Im Jahr 2013 verringerte sich die Anzahl von Absolute-Return-Fonds von 619 auf 505. 30 Fonds kamen neu auf den Markt, 144 verschwanden. Die verbliebenen Fonds steigerten das Marktvolumen dennoch um 21 Prozent auf 125,4 Milliarden Euro.

Ein Grund dafür ist, dass sich vor allem schwache und kleine Fonds vom Markt verabschiedet haben. Die gut abschneidenden Fonds bedienen nun die steigende Nachfrage nach Absolute-Return-Konzepten.

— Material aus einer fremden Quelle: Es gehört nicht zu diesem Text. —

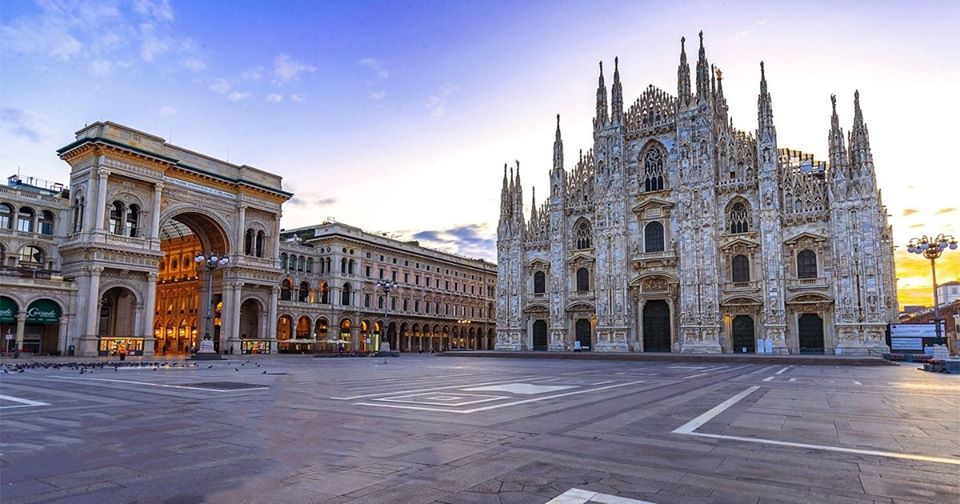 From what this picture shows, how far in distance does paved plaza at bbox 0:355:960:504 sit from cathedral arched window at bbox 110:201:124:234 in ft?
132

Qualität vor Quantität: Das zeigt auch die Sharpe Ratio, die bei 78 Prozent der 170 untersuchten Fonds über Null liegt. Frei übersetzt heißt das, dass jene Fonds mehr Rendite gebracht haben als eine risikofreie Geldanlage. Laut Lupus Alpha ist das ein Erfolg.

Außerdem erwirtschafteten 90 Prozent auf Sicht von fünf Jahren Gewinne. Im Durchschnitt liegen die Gewinne bei 3,67 Prozent pro Jahr, damit stehen Absolute-Return-Fonds auf Augenhöhe mit Hedgefonds (Performance: plus 3,65 Prozent).